Fitness Tracking

TrainingPeaks: What 'Orange' Means for Your Fatigue and Performance

By Hart 6 min read

In TrainingPeaks, orange on the Performance Management Chart (PMC) signifies a negative Training Stress Balance (TSB), indicating fatigue, overreaching, and diminished performance due to high acute training load.

What does orange mean in TrainingPeaks?

In TrainingPeaks, the color orange, particularly on the Performance Management Chart (PMC) or in relation to Training Stress Balance (TSB), generally signifies a negative TSB, indicating that an athlete is likely experiencing fatigue or overreaching due to a high acute training load relative to their chronic fitness.

Understanding TrainingPeaks' Performance Management Chart (PMC)

TrainingPeaks is a sophisticated online platform designed for endurance athletes, coaches, and fitness enthusiasts to plan, track, and analyze their training.
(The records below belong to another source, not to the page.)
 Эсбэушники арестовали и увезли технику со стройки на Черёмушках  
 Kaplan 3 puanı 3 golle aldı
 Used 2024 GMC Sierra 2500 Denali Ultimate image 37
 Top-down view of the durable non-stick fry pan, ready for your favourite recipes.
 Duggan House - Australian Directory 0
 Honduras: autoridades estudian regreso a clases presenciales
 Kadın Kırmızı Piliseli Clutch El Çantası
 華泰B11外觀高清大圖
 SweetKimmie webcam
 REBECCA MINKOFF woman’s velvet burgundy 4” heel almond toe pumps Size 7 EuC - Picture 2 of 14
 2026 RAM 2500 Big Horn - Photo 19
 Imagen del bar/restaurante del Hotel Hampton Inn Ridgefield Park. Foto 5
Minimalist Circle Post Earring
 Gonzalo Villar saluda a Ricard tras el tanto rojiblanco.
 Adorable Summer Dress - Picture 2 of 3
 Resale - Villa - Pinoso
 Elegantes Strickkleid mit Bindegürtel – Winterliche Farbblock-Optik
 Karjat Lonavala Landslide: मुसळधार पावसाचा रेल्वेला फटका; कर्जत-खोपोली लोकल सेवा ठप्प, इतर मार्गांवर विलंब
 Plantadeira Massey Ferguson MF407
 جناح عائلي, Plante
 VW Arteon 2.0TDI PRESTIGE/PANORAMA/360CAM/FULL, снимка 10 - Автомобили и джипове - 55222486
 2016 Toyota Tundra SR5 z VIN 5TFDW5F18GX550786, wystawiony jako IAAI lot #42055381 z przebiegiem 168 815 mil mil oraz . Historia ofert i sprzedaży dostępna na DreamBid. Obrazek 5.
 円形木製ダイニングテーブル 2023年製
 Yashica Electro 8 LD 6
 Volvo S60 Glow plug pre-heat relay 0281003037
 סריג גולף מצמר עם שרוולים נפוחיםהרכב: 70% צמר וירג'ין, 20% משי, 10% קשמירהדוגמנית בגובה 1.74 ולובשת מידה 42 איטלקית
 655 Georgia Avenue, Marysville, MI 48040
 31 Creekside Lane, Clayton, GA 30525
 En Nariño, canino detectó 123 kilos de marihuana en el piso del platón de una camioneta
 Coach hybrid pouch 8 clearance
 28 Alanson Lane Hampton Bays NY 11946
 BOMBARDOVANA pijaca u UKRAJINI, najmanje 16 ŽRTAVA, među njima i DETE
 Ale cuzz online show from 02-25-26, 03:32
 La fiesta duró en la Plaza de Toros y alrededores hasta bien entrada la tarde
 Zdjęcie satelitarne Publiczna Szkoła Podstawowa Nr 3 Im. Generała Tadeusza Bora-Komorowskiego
A central feature is the Performance Management Chart (PMC), which visually represents an athlete's fitness, fatigue, and form over time. The PMC utilizes key metrics derived from your completed workouts, primarily based on power (for cycling), pace (for running), or heart rate (for other activities) and duration, to quantify training stress.

The Core Metrics: TSS, ATL, and CTL

The PMC relies on three fundamental metrics, all derived from your Training Stress Score (TSS):

  • Training Stress Score (TSS): This is a single number that quantifies the physiological stress and duration of a workout. A higher TSS indicates a more demanding session. TSS is calculated using Normalized Power® (NP®) for cycling, Normalized Graded Pace (NGP™) for running, or heart rate (HRTSS®) for other activities, relative to your Functional Threshold Power (FTP), Functional Threshold Pace (FTPace), or Threshold Heart Rate (THR).
  • Acute Training Load (ATL): Often referred to as "fatigue," ATL represents your short-term training load. It's a weighted average of your daily TSS over the last 7 days (or another configurable short period, typically 7-14 days). A rising ATL means you've been training hard recently and are likely accumulating fatigue.
  • Chronic Training Load (CTL): Also known as "fitness," CTL reflects your long-term training load. It's a weighted average of your daily TSS over the last 42 days (or another configurable longer period, typically 28-56 days). A rising CTL indicates an increase in your overall fitness level and capacity for work.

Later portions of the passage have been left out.